*** INPUT FOR THIS TASK Section Begins ***

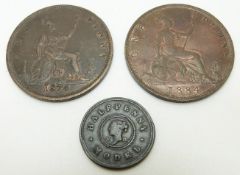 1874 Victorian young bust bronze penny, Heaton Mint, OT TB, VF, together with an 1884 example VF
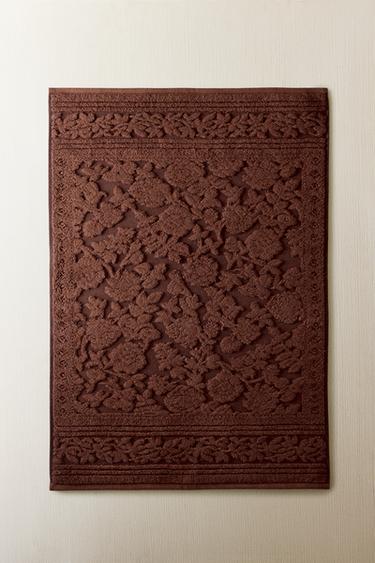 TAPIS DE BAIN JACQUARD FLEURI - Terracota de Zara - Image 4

*** INPUT FOR THIS TASK Section Ends ***
*** INPUT FOR THIS TASK Section Begins ***

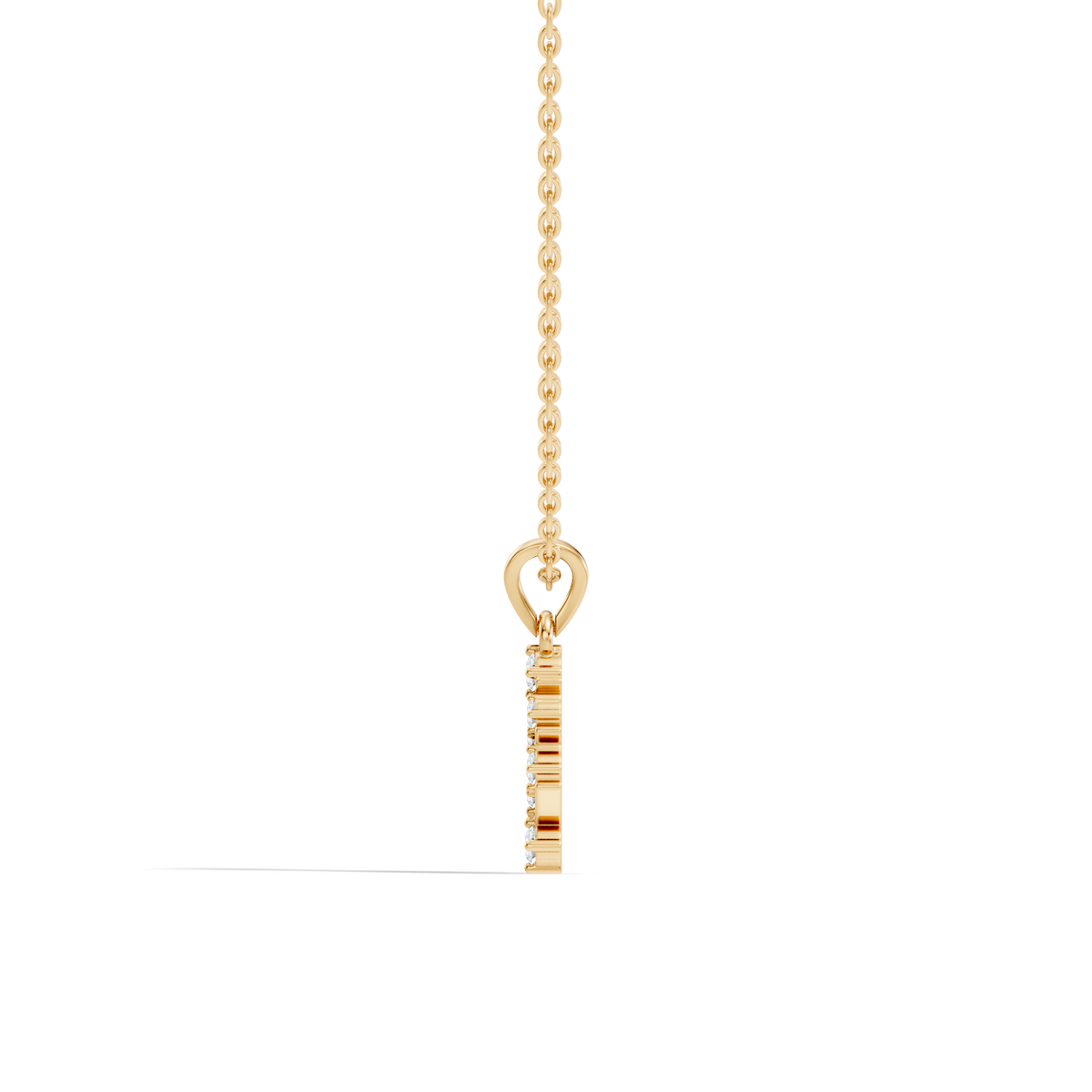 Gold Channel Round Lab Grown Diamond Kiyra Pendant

*** INPUT FOR THIS TASK Section Ends ***
*** INPUT FOR THIS TASK Section Begins ***

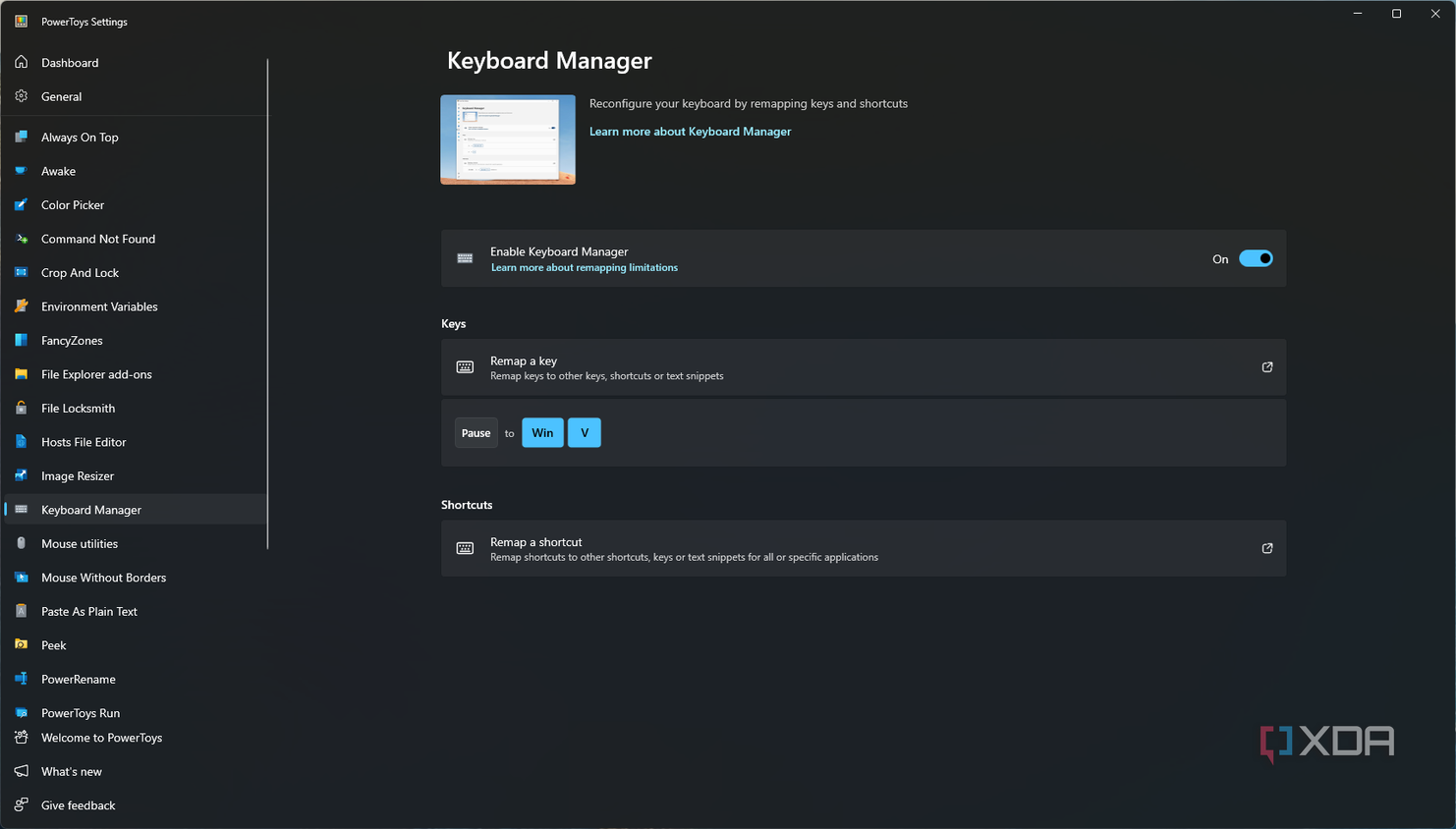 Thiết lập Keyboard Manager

*** INPUT FOR THIS TASK Section Ends ***

# TASK ITEM:
Within the material above, only the stretch from the line holding "1874 Victorian young" through the line holding "TAPIS DE BAIN" is to be restated exactly. Pictures are dropped.

# ANSWER SPACE:
 1874 Victorian young bust bronze penny, Heaton Mint, OT TB, VF, together with an 1884 example VF
 TAPIS DE BAIN JACQUARD FLEURI - Terracota de Zara - Image 4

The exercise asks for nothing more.